The authority’s original proposal, made in July, called for a 6.5 percent overall increase in fares and tolls. The authority said then that it expected to run a sizable budget surplus this year but it needed the increase to overcome large deficits projected for 2009.

 

But last week, Gov. Spitzer said that new forecasts showed that improved revenues and lower expenses would result in an additional surplus of $220 million. He said that fares and tolls would still need to go up, but that they would not have to rise as steeply. In addition, he said the base subway and bus fare would remain unchanged.

 

Unlimited ride MetroCards account for close to half of all subway and bus trips.
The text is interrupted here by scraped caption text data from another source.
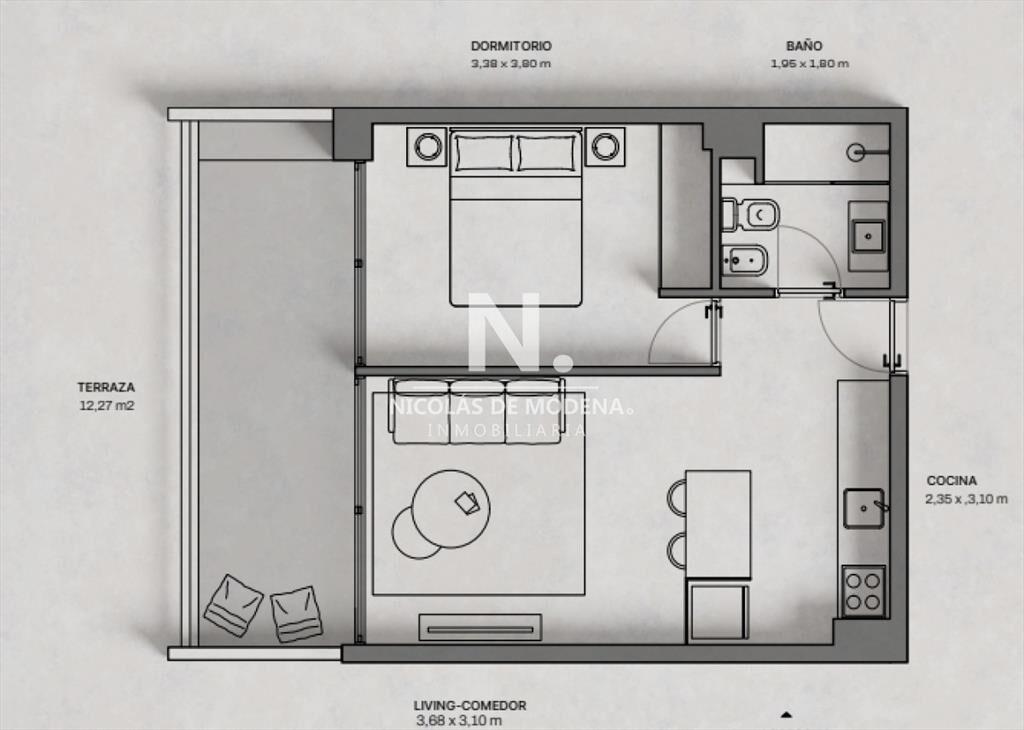 En venta apartamento de 1 dormitorio en Mansa,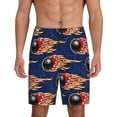 thumbnail image 1 of Balery Bowling Ball And Flame Men's Cotton Knit Pajama Shorts Waistband & Pockets,Short Pajama Pants-X-Large, 1 of 8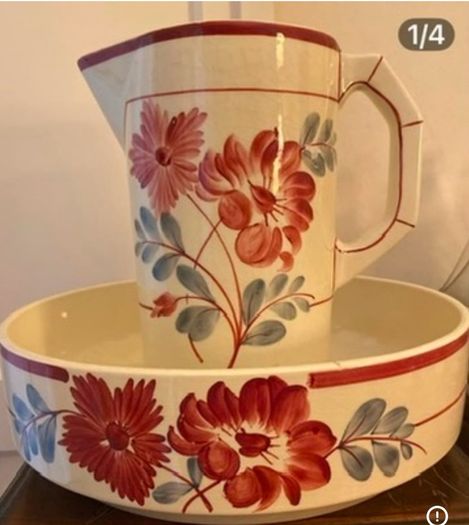 ceramic vintage wash bowls & matching pitchers
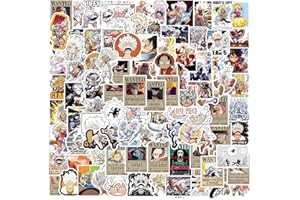 LYLSDSB One Piece Lot de 100 autocollants en vinyle de dessin animé Luffy pour ordinateur portable, bouteilles d'eau, skateboard, vélo, ordinateur, snowboard, bagages, voiture, imperméable, mignon dessin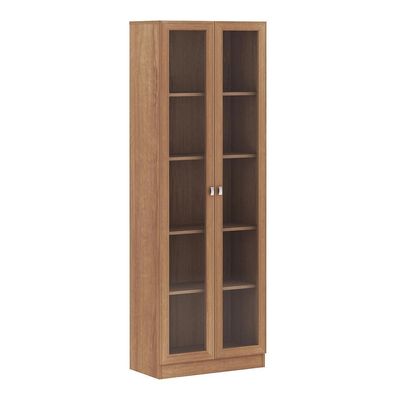Armário Estante Com 2 Portas De Vidro Cr25069 Amendoa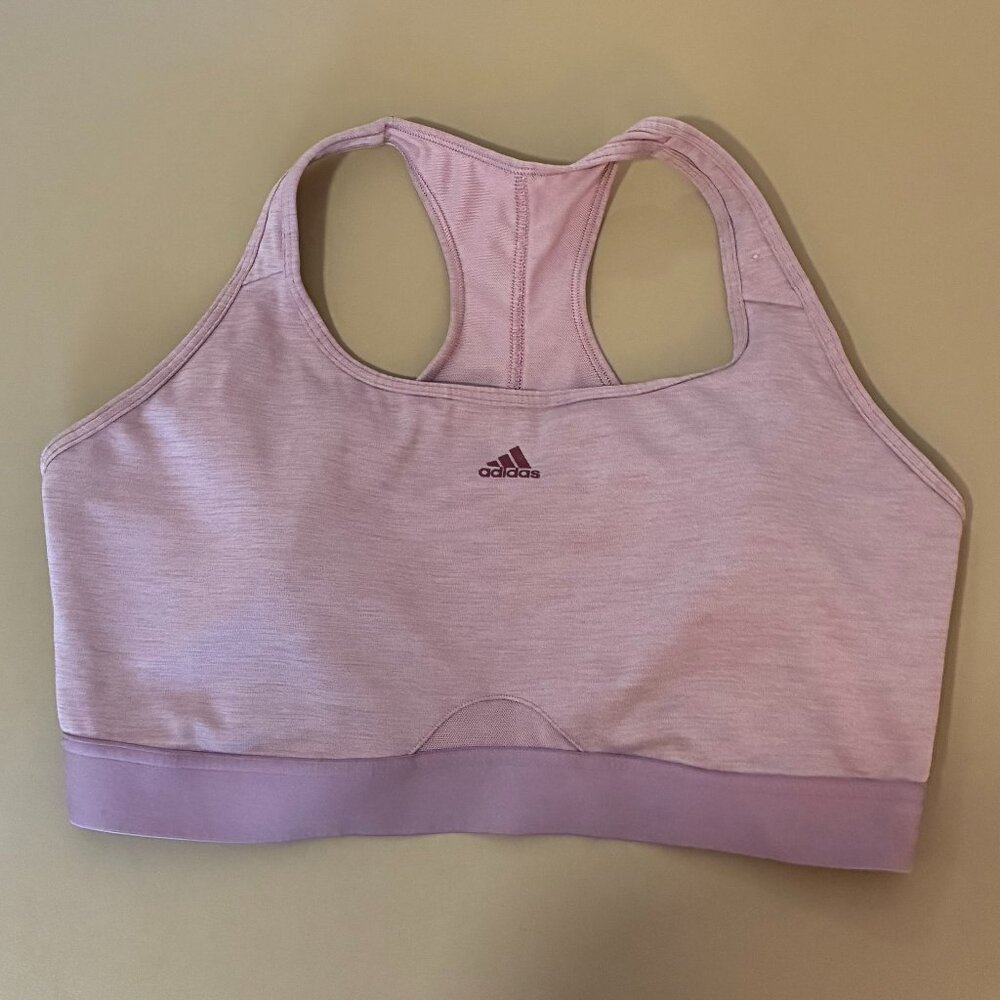 Used Adidas padded sports bra, size L -- keyhole back/racerback (pink/mauve)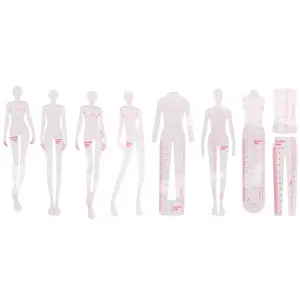 Fashion Illustration Rulers Sketching Templates Ruler Sewing Humanoid Patterns Design Clothing Measuring,Combination US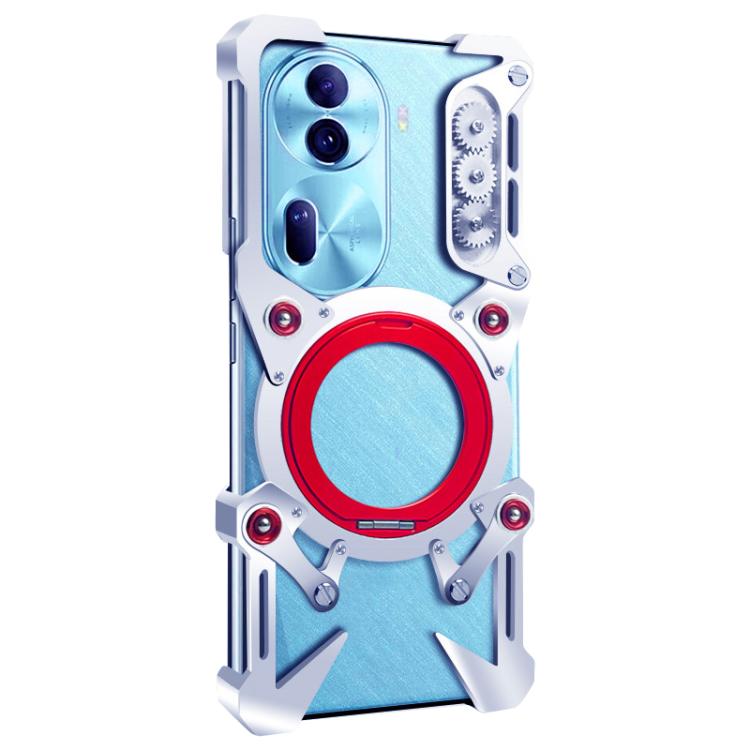 For OPPO Reno11 5G Global Rotating Bracket Hollow Metal Phone Case with Lanyard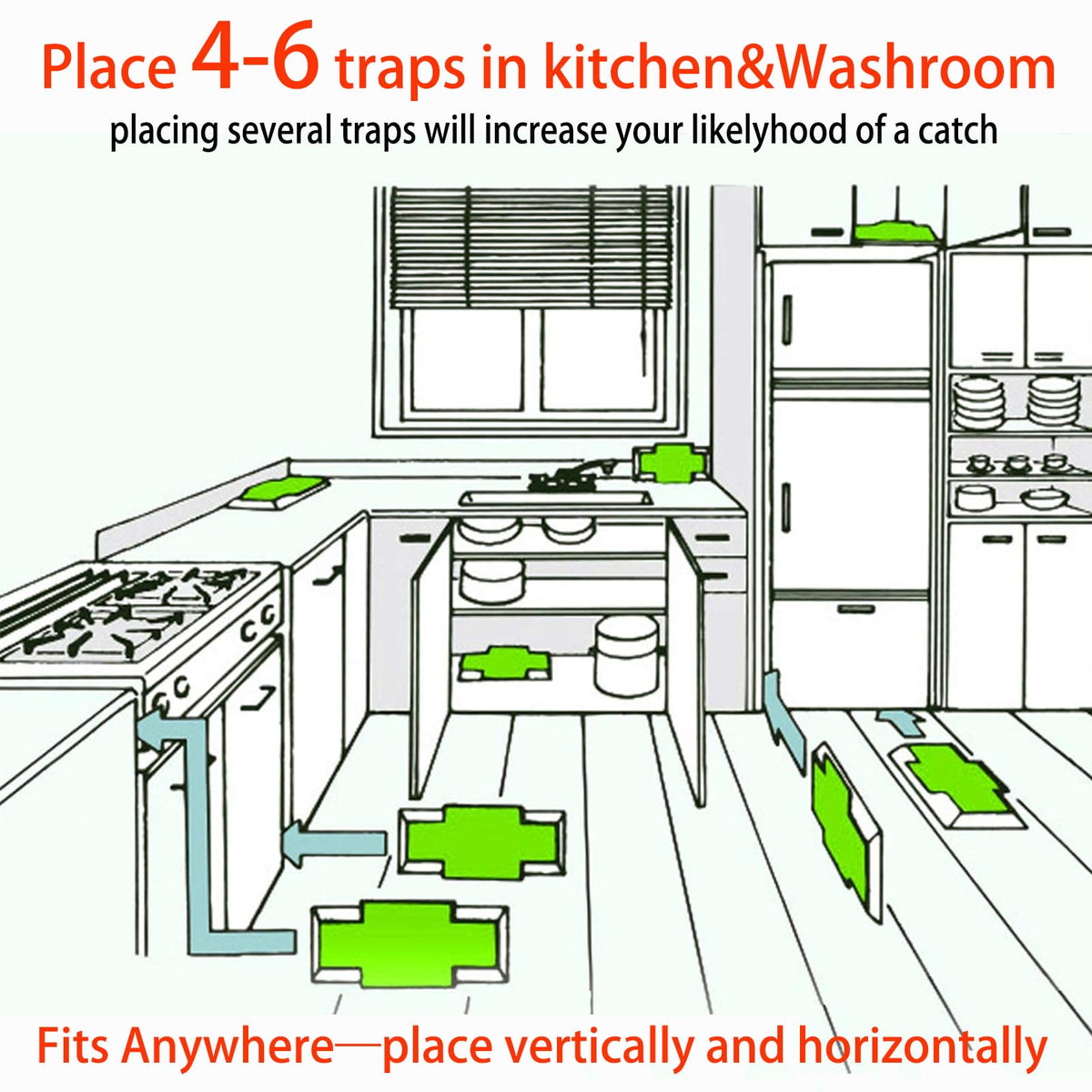 Traps placed in dark corners allow cockroaches to enter Tysonir traps.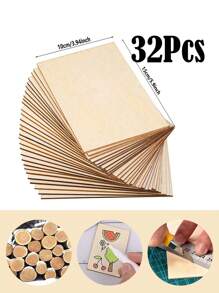 1-32pcs Unfinished Plywood Craft Boards - Measuring 5.91 Inches X 3.94 Inches 2 Mm Thick Compatible With Laser Cutting, Engraving, And Wood Burning - Multifunctional Plywood Sheets Measuring 5.91 Inches X 3.94 Inches And 2 Mm Thick.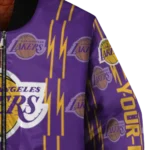 customized los angeles lakers bolt stripe purple bomber jacket best selling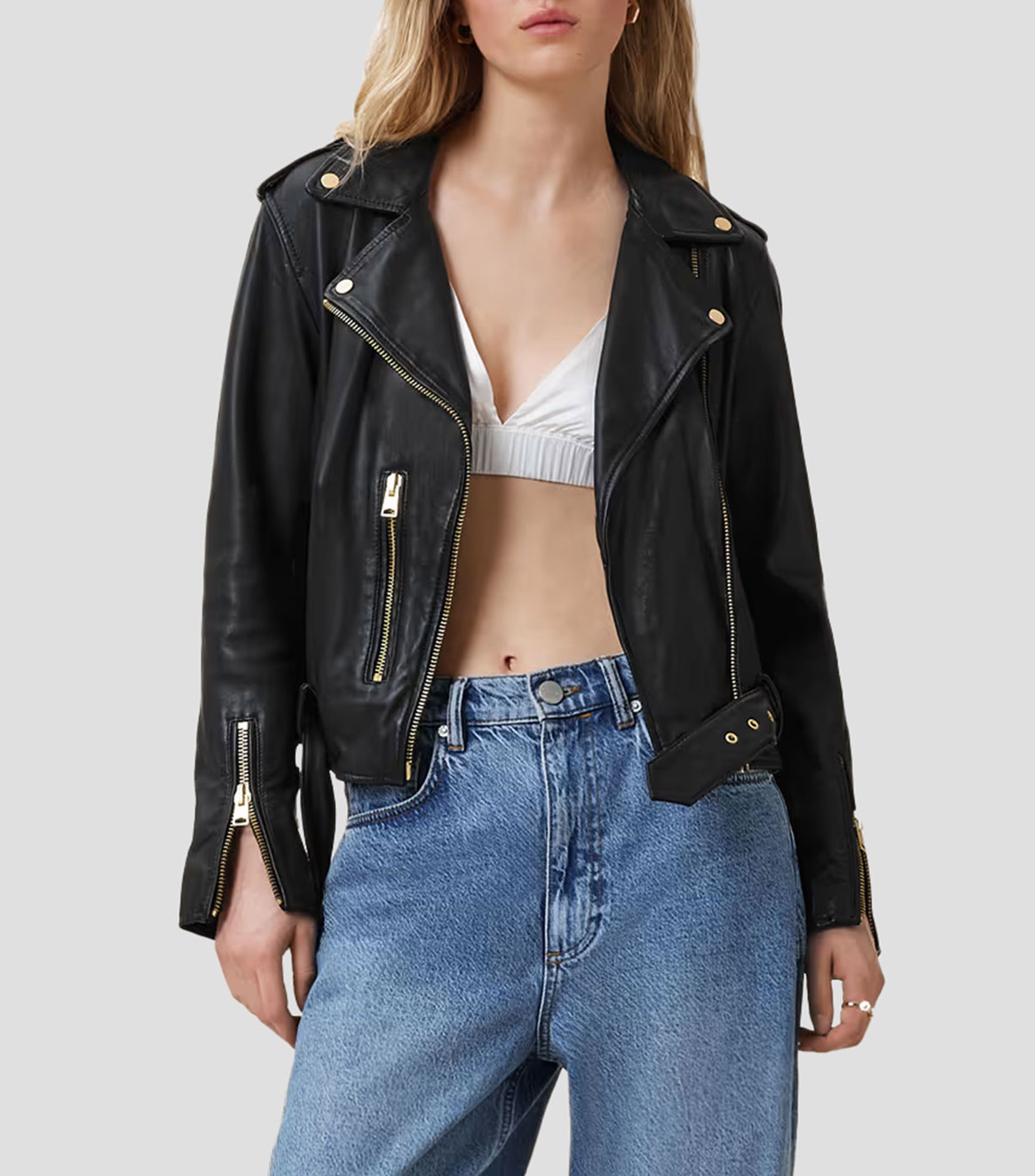 Chamarra Biker en piel Mujer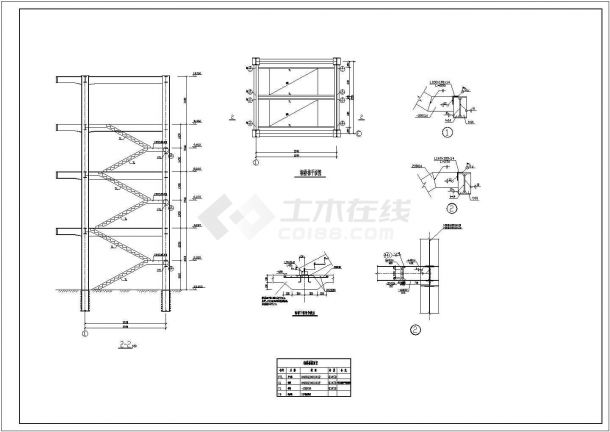 局部五层钢框架厂房结构施工图-图二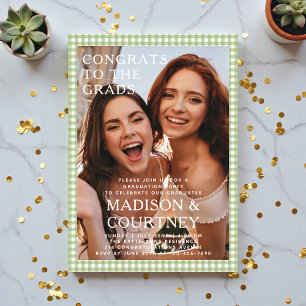 Green Gingham Two Grads Joint Graduation Photo Acrylic Invitations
About 36 percent of trips are made on pay-per-ride MetroCards that carry a 20 percent bonus, giving riders six rides for the price of five. Mr. Dellaverson said that officials were considering changes to the bonus as part of the new fare package.

 

Gene Russianoff, the staff lawyer for the Straphangers Campaign, a rider advocacy group, said that reducing the bonus discount would hurt lower-income riders. He said that for many poor riders, the $10 pay-per-ride MetroCard, which delivers six rides for the price of five, is the most economical way to receive a transit discount.

 

“Many of those people are really struggling to cobble together the 10 bucks,” he said.